The future is unpredictable. Emergencies may arise, jobs may be lost and one may have to pay for medical bills. These reasons and more may prevent one from paying the monthly minimum credit card payment. So, if you find yourself in this predicament, you will need to reach out to your credit card company immediately for assistance. Your card provider will provide an alternative repayment option for you, like a credit card payment waiver for 3 months.
This credit card payment waiver will enable you to make smaller payments on your credit card debt with more preferred terms and waived fees that are convenient for you. The card waiver program is designed to assist credit card users who are facing personal and financial adversity from defaulting on their credit cards.
About Credit Card Waiver
The credit card waiver is also known as the “credit card hardship program”. It is a payment plan that card users negotiate with their card-issuing bank. The bank will then waive fees and reduce the card user interest rates over a specific time frame, usually over a short period of 3 months.
At times the waiver period may be more than three months, but it depends on the financial institution, the situation you are facing, and the deal you agree to. Credit card waiver programs are not advertised broadly and they are not offered by all issuers. But it is an option to consider if you need help.

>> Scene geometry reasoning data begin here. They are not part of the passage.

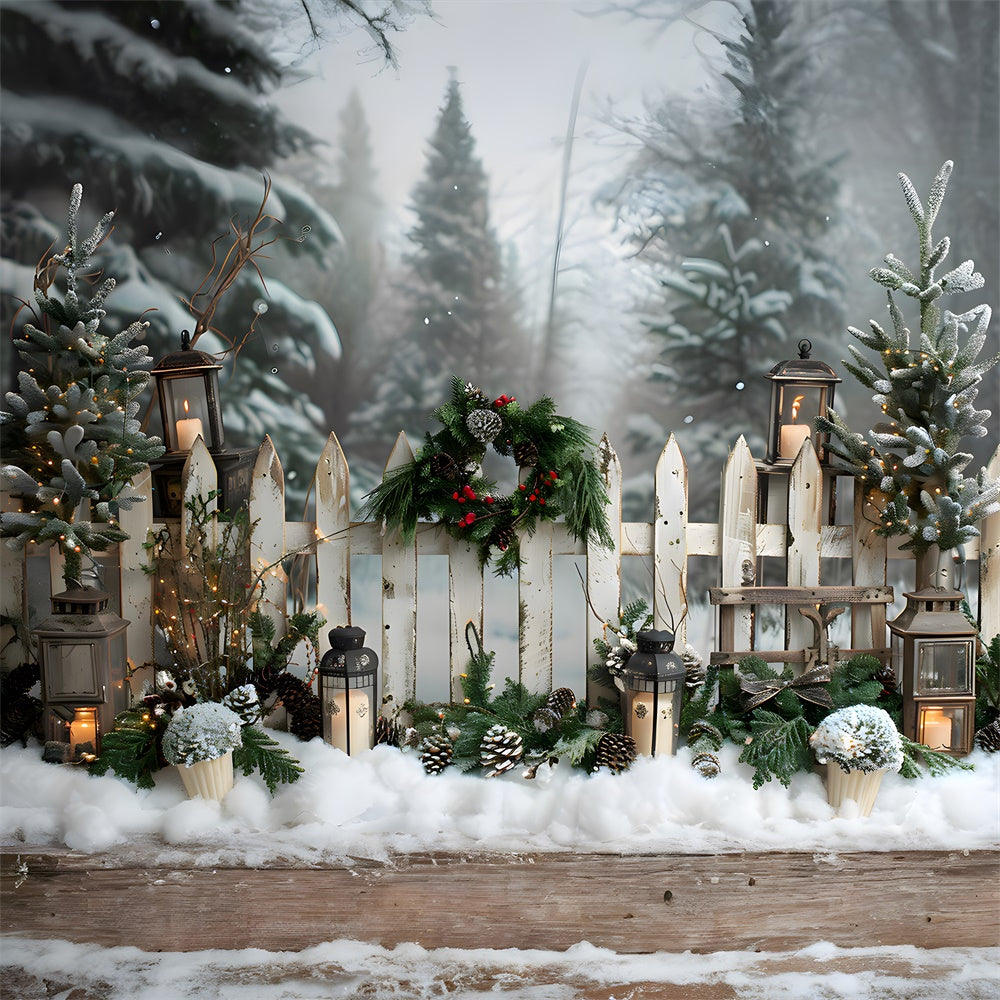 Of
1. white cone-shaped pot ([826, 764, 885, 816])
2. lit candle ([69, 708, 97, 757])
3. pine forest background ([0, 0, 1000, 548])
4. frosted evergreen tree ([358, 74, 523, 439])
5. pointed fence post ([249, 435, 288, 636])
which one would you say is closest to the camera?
white cone-shaped pot ([826, 764, 885, 816])

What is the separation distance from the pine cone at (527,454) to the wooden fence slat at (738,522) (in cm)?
62

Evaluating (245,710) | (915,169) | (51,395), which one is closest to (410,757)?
(245,710)

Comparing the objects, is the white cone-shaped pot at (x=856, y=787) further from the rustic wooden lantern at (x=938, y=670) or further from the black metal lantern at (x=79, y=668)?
the black metal lantern at (x=79, y=668)

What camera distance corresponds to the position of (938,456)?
2.70 metres

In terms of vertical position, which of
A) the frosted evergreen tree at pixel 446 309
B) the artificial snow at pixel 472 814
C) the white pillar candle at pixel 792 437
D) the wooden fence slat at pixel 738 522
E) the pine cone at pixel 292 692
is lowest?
the artificial snow at pixel 472 814

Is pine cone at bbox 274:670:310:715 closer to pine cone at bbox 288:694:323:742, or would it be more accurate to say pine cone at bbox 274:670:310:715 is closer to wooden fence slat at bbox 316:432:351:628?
pine cone at bbox 288:694:323:742

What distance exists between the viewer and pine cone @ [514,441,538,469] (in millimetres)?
2836

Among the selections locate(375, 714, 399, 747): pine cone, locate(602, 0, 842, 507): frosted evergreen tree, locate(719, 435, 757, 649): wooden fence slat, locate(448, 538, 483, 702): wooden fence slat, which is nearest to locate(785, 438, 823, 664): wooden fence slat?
locate(719, 435, 757, 649): wooden fence slat

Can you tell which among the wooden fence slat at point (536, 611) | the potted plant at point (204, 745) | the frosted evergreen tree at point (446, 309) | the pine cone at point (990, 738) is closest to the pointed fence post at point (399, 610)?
the wooden fence slat at point (536, 611)

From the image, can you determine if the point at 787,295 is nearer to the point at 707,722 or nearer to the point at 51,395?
the point at 707,722

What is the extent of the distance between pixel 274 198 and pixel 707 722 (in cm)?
379

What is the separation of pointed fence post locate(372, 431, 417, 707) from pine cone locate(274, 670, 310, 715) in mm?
258

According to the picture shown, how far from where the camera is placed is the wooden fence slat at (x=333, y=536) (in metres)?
2.95

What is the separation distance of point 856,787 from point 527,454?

Situations That May Qualify for A Credit Card Payment Waiver For 3 Months
Any credit card user who cannot meet up with payment as a result of hardship may qualify for a waiver. However, not all situations or circumstances will pass for a waiver. Here are some instances when you may apply for a waiver.
- A pay cut
- A serious illness
- A family emergency
- A natural disaster
Requirements to Get a Credit Card Payment Waiver For 3 Months
The requirement to qualify for a credit card waiver is not static, it varies from issuer to issuer. One of the requirements that makes you eligible for a waiver is being current on your payment for at least six months. You will also need a good credit history and prove that you are going through financial hardship.
Some credit card institutions will also require that you meet a credit counselor or that you go through a debt management program to qualify for a credit card waiver.
How To Get Approved for a Credit Card Waiver
Getting approved for a credit card waiver will depend on your issuer, but here are the steps on how to go about it.
Get A Grip on Your Budget
You will need to understand the financial impact of your hardship/predicament before you inform your card issuer about it. This is to say that you will need to build a budget based on your new reality. You will need to build your budget around your lower monthly income due to a pay cut or illness and your expenses and bills.
If your issuer offers a credit card waiver, your budget will then help you explain your circumstances to the lender. Sometimes, an updated budget may be a requirement for getting a waiver.
Put A Call Across to Your Issuer
Having known how your predicament will affect your ability to make payment, your next step will be to call the number on the back of your card. When speaking to the credit card representative, you have to be clear and honest about your situation and your needs, based on your updated budget.
You also have to make it clear that you intend to fulfill your payment obligation, but that currently you are struggling and you, therefore, need assistance. If you have a good history of making payments on time, your issuer will be more willing to work with you on a payment plan.
Accept The Terms That You Can Afford
After accepting your call for assistance, your issuer will offer you some terms. Note that you do not have to accept new terms because your issuer offers a lower interest rate than what you are paying now. You have to ensure that you can afford the rate your issuer is offering you. And if you have a partner, you share household expenses with, you will inform that person too.
The truth is that you may not think clearly when going through hardship and you therefore accept whatever the issuer is offering you. This does not ought to be so, rather you just keep the negotiation going if you cannot afford the rate until you and your issuer agree. Once you both agree, your credit card payment will then be waived for 3 months.